* **THE TASK**
A verbatim copy of all the data is required, minus any images.

* **DATA PROVIDED**
===============
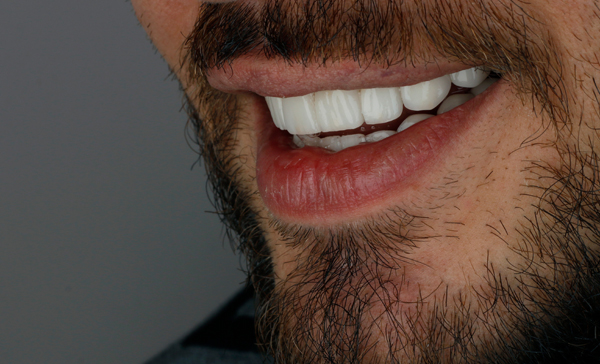 What You Need To Know About At Home Teeth Whitening From A Dentist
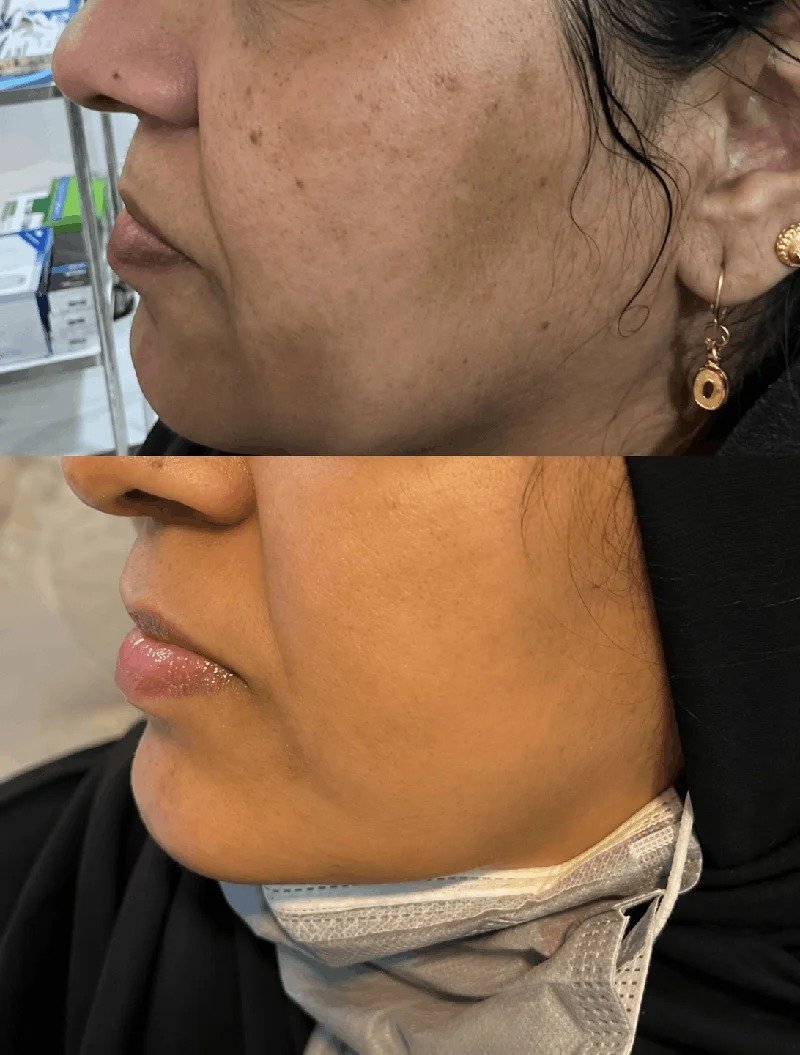 Melasma Treatment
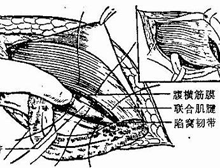 小腹疝气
===============
* **RESPONSE**
 What You Need To Know About At Home Teeth Whitening From A Dentist
 Melasma Treatment
 小腹疝气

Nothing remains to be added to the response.